“I can hardly excuse my coming,” he says, “and I apologize before I state my errand. I would have you believe, too, that my presence here is entirely by my own suggestion.”

Aaron bows.

The good doctor explains that he has been called upon to go, professionally, to the fighting ground with Hamilton.

“That is how I became aware,” he concludes, “of what you have in train. I resolved to see you, and make one last effort at a peaceful solution.”

Aaron coldly shakes his head: “There can be no adjustment.”

“Think of his family, sir! Think of his wife and his seven children!”

“Sir, it is he who should have thought of them. You should have gone to him when he was maligning me. What? You know how this man has slandered me! He has spoken to you as he has to hundreds of others!” The good doctor looks guiltily uneasy. “And now I am asked to sit down with the scorn he has heaped upon me, because he has a family! Does it not occur to you, sir, that I, too, have a family? But with this difference: Should he fall, there will be eight to share the loss among them. If I fall, the blow descends on but one pair of loving shoulders, and those the slender shoulders of a girl.”

There is no hope: The good doctor goes his disappointed way.
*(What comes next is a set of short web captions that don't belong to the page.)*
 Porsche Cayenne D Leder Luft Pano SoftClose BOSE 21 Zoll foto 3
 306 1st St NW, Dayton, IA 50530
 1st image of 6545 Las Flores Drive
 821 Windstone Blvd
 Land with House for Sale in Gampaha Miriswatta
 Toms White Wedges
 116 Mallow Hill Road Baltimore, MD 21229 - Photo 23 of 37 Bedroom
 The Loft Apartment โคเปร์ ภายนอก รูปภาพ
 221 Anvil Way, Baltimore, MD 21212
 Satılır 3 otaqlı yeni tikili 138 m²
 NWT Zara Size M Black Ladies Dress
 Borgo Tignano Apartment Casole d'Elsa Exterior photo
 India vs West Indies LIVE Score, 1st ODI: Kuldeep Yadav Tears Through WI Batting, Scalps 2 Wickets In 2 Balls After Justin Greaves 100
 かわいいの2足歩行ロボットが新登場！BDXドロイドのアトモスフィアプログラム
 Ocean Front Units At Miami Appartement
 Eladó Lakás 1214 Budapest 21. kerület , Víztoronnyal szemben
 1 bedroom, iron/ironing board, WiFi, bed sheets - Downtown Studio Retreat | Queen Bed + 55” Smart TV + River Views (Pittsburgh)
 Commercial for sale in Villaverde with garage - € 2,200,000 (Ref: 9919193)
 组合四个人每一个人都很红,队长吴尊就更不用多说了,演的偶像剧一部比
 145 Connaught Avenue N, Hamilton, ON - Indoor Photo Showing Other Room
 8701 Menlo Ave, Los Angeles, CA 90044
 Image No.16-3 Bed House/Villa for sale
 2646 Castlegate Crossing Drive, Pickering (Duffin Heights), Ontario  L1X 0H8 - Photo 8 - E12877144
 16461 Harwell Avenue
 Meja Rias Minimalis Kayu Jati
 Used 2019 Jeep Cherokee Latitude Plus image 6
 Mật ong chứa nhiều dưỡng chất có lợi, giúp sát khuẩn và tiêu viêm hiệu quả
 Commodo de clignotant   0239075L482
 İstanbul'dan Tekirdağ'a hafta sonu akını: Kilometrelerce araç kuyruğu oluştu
The fighting grounds are a flat, grassy shelf of rock, under the heights of Weehawken. The morning is bright, with the July sun coming up over the bay. Hamilton, pale, like a man going open-eyed to death, takes his barge at the landing near the Grange. The good Dr. Hosack and his friend Pendleton are with him. The barge is pulled across to the grassy shelf, under the somber Weehawken heights.

The good doctor remains by the barge, while Hamilton, with friend Pendleton, ascends the rocky, shelving, shingly twenty feet to the place of meeting. They find Aaron and Van Ness awaiting them. Aaron touches his hat stiffly, and walks to the far end of the narrow grassy shelf.